PROBLEM REQUIREMENTS: Pictures excluded, output the lines of the data below between the one holding "Untitled-2.gif" and the one holding "LINHA MULTIFILAMENTO X4", inclusive, exactly as they stand.

━━━ DATASET ━━━

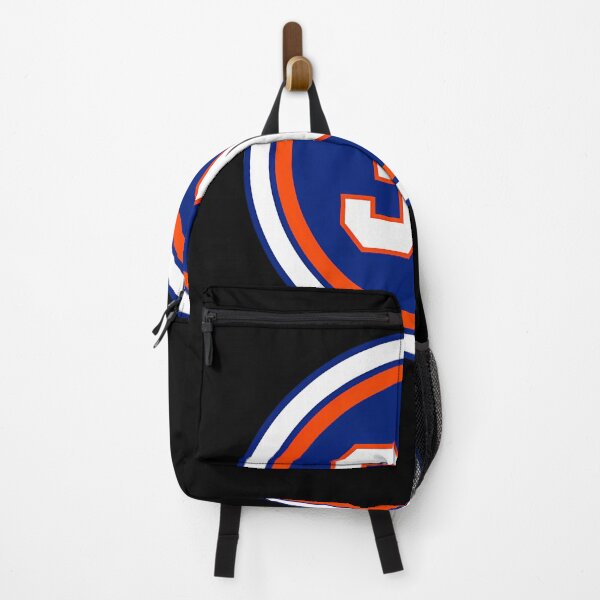 Item preview, Ilya Sorokin Number 30 Jersey New York Islanders Inspired designed and sold by MICAAZAR.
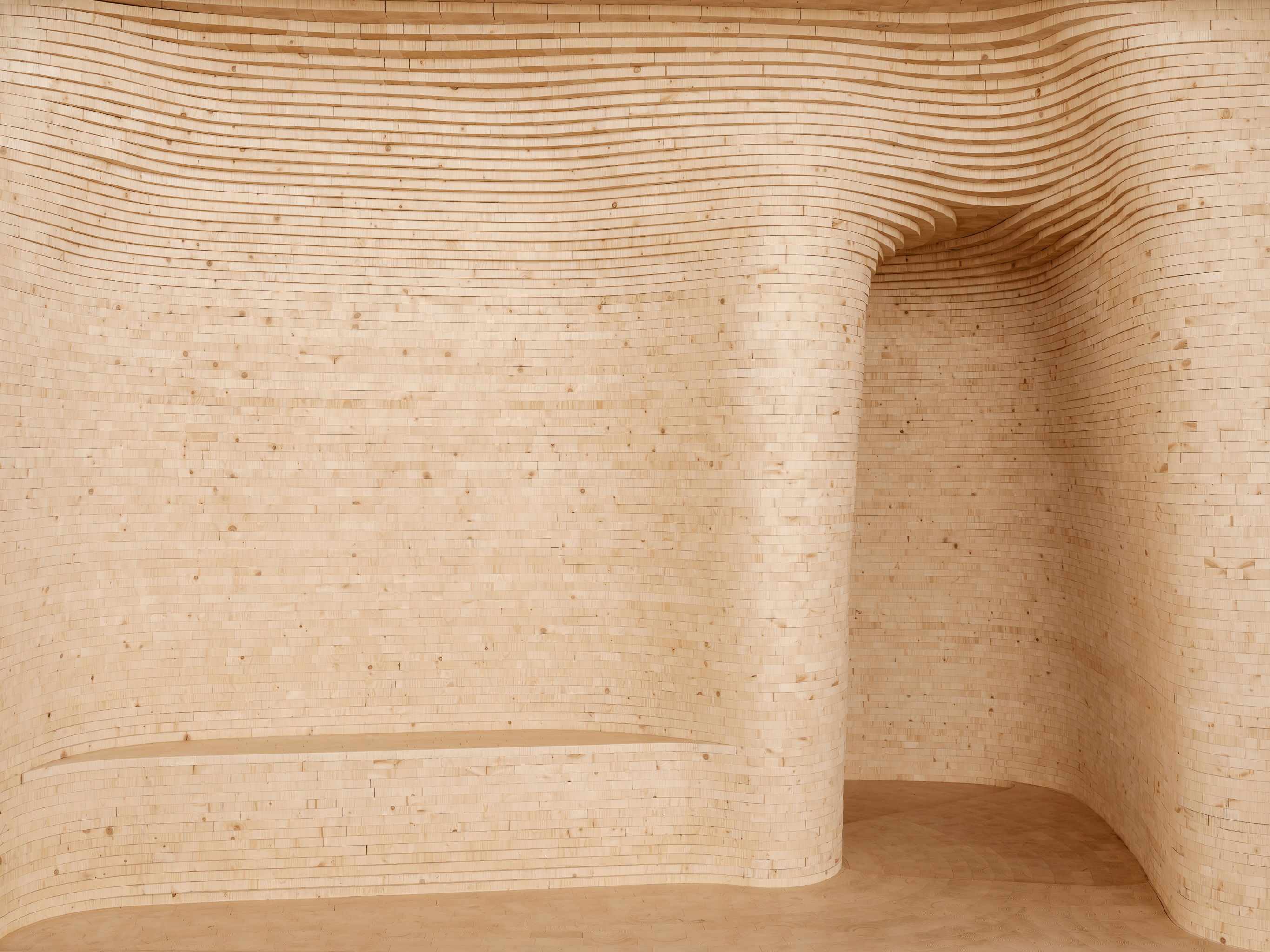 002 Deichman Future Library Photo Einar Aslaksen 00026 web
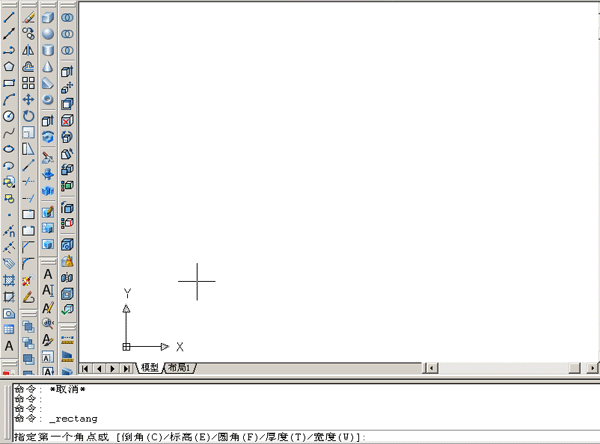 Untitled-2.gif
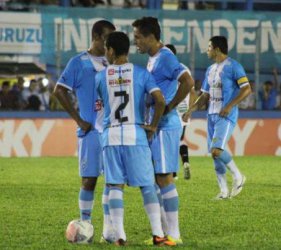 SÉRIE B: Últimos acessos e rebaixamentos podem sair neste sábado 3 0002048132133 img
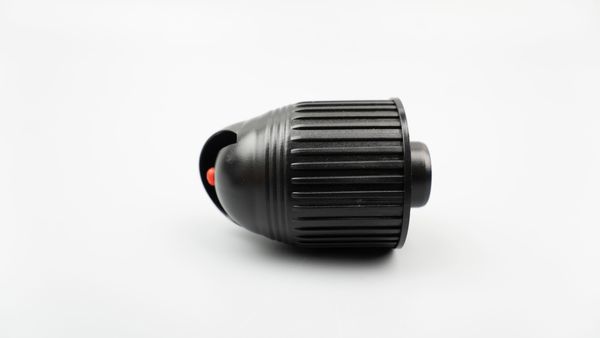 Đầu tạo song NO.01 N289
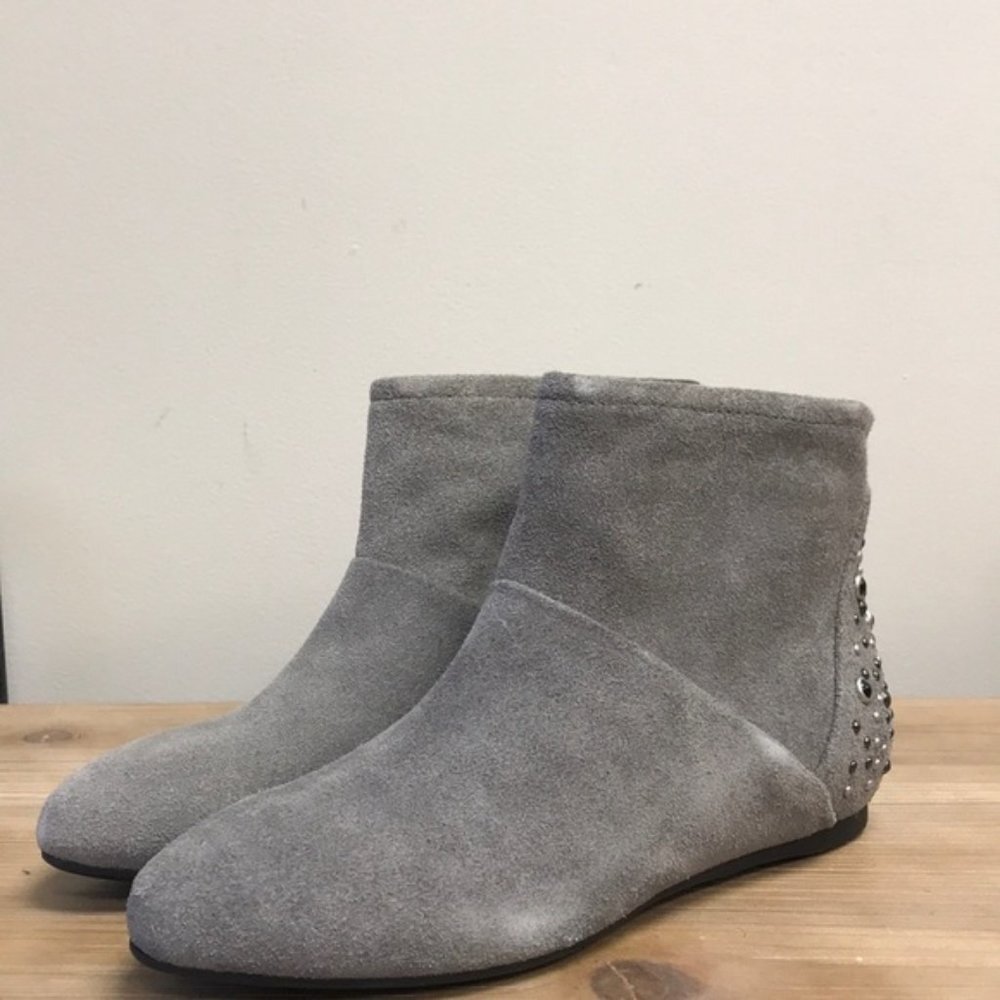 Apepazza Kora Ankle Boot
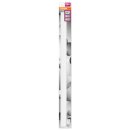 Osram LED Linestra Ledinestra 6W = 40W / 60W S14s 470lm 2 Sockel 50cm Opal Glas warmweiß 2700K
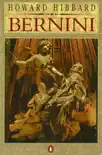 Bernini synopsis, comments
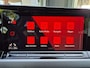 Volkswagen Golf 1.0 ETSI LIFE
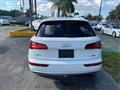 2019 Audi Q5 Image # 5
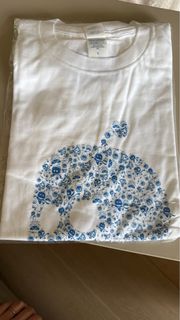 （分類：）位於 。 由 sokuhome 提交（商品編號 1344108270，圖片 1）。簡介： 。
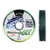 LINHA MULTIFILAMENTO X4 MAX 150MTS VERDE - comprar online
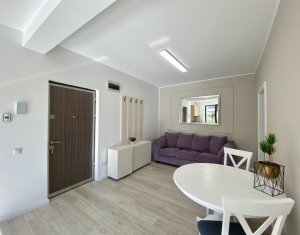 Lakás 3 szobák kiadó on Cluj-napoca, Zóna Zorilor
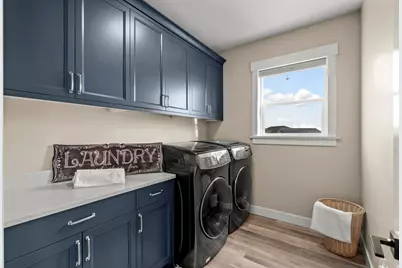 511 W Trejo Ridge Cir, Grantsville, UT 84029 - Photo 37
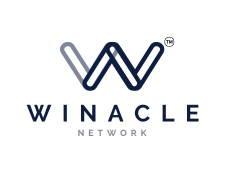 Winacle Network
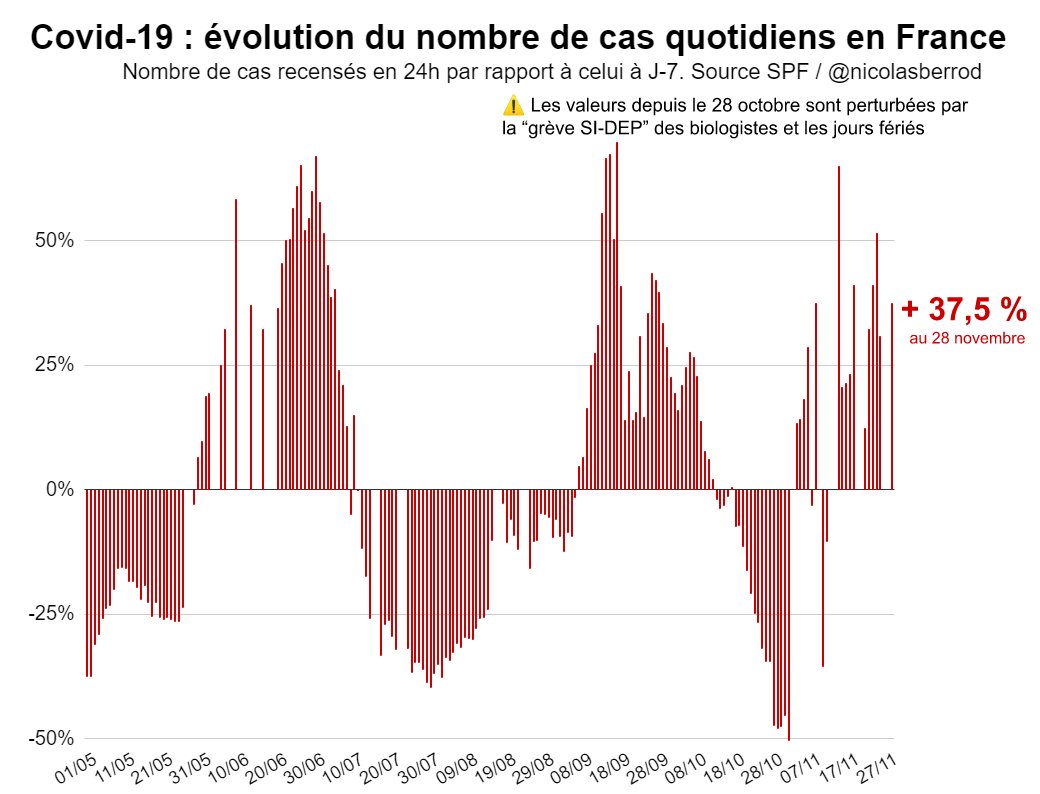 Fiq30whXoAAnDCR?format=jpg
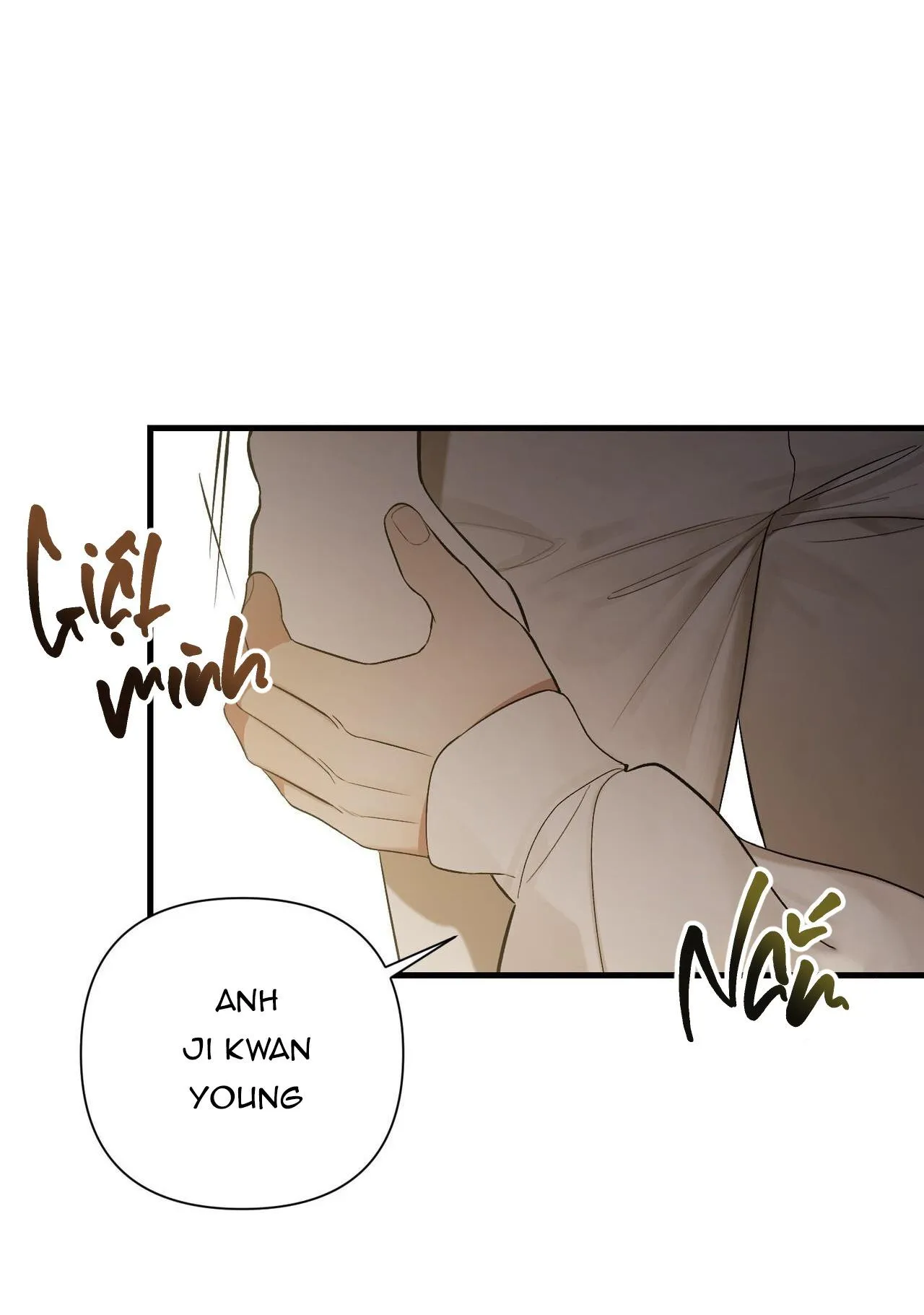 ĐIỀU KIỆN CỦA GUIDE Chapter 16 Trang 21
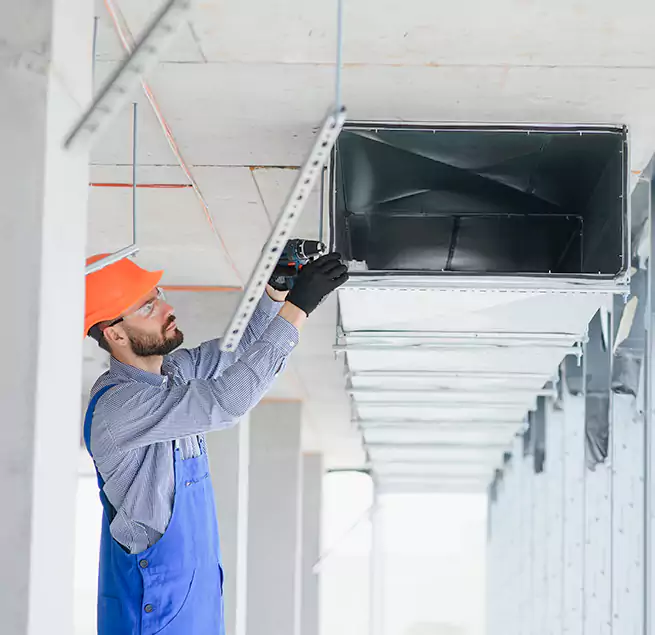 Why Homeowners & Businesses Trust Us in White Plains, NY?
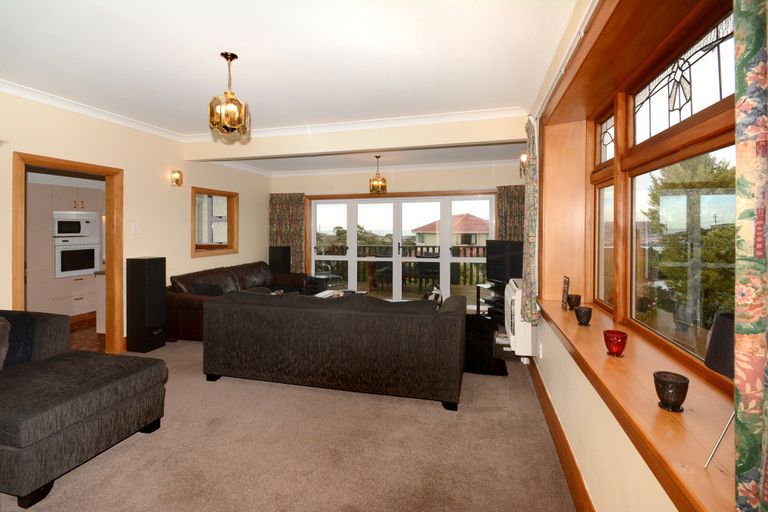 Photo of property in 30 Dunrobin Street, Waverley, Dunedin, 9013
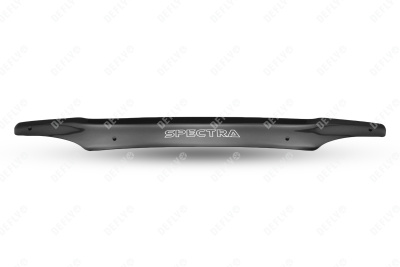 Дефлектор капота Kia Spectra, 2000-2011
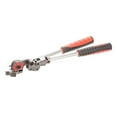 thumbnail image 4 of Ridgid® Model No. 604 600 Series Instrument Tubing Bender, 1/4" Capacity, 5/8" Bend Radius, 4 of 4
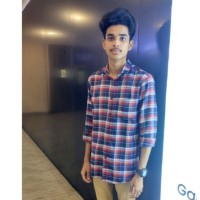 Hari Krishnan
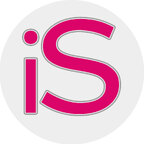 instanza avatar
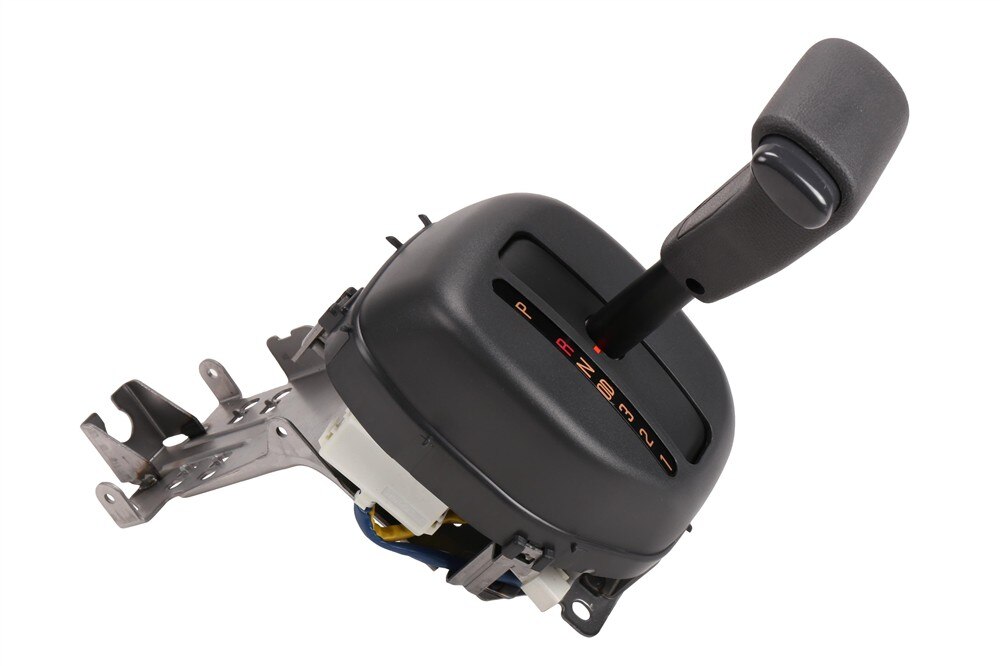 GM Genuine Parts Automatic Transmission Control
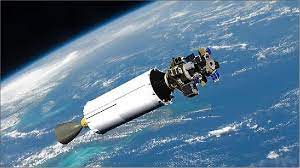 Nanosatellite and Microsatellite Market Share 2021, Size, Trends, Forecast and Analysis of Key Players 2026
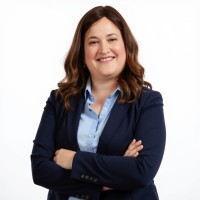ISSTD Employee Faige Flakser's profile photo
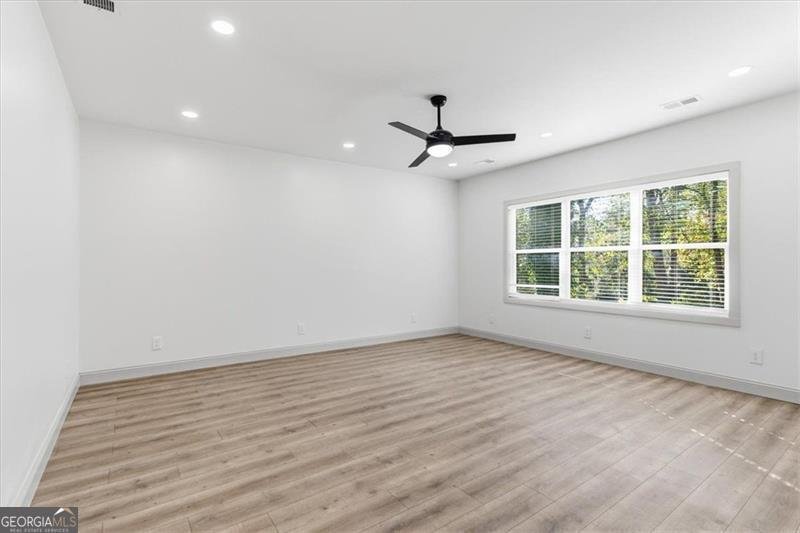 2281 FOX HOUND Parkway Marietta - 21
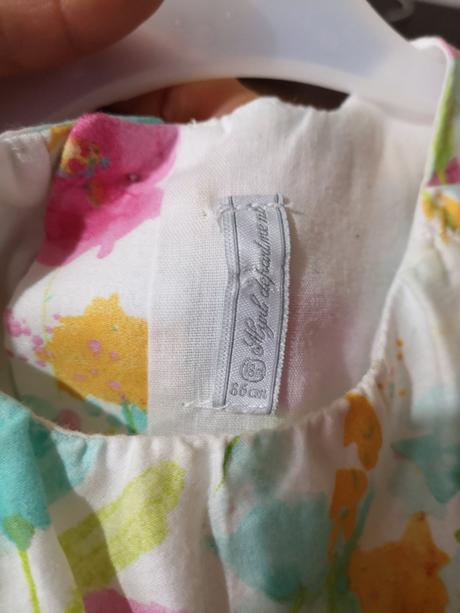 Letné satôčky, 86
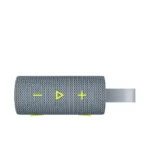 Xiaomi Sound Pocket   5 W   Waterproof   Bluetooth   Blue Gray   Portable   Wireless connection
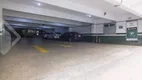 Foto 23 de Sala Comercial à venda, 48m² em Centro Histórico, Porto Alegre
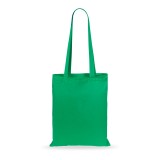 Turkal cotton shopping bag - AP721145-07 Turkal cotton shopping bag - AP721145-07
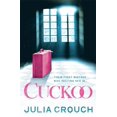 thumbnail image 1 of Pre-Owned Cuckoo (Paperback) 0755377982 9780755377985, 1 of 1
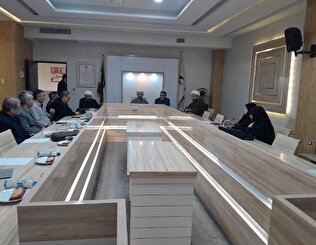 شرط اثربخشی تربیت دینی، انتخاب مدیرانِ آگاه به کاستی‌ها است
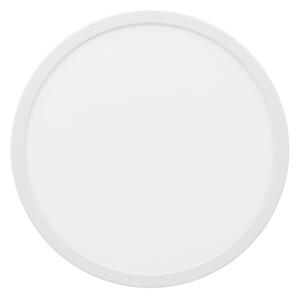 Eglo 99217 - LED плафон FUEVA 5 LED/20W/230V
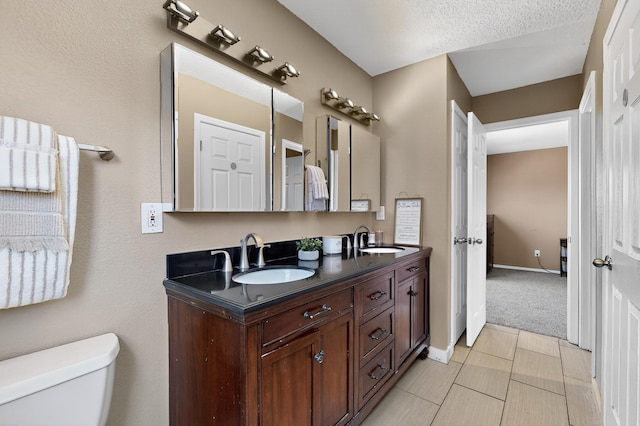 1338 Ojo Sarco St SW, Albuquerque, NM 87121 - photo 28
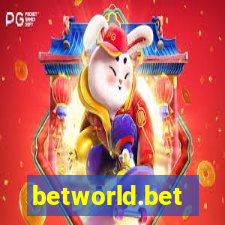 betworld.bet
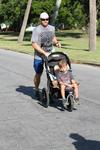 IMG_1399 (cam 1)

━━━

TASK OUTPUT:
 Untitled-2.gif
 SÉRIE B: Últimos acessos e rebaixamentos podem sair neste sábado 3 0002048132133 img
 Đầu tạo song NO.01 N289
 Apepazza Kora Ankle Boot
 Osram LED Linestra Ledinestra 6W = 40W / 60W S14s 470lm 2 Sockel 50cm Opal Glas warmweiß 2700K
 Bernini synopsis, comments
 Volkswagen Golf 1.0 ETSI LIFE
 2019 Audi Q5 Image # 5
 （分類：）位於 。 由 sokuhome 提交（商品編號 1344108270，圖片 1）。簡介： 。
 LINHA MULTIFILAMENTO X4 MAX 150MTS VERDE - comprar online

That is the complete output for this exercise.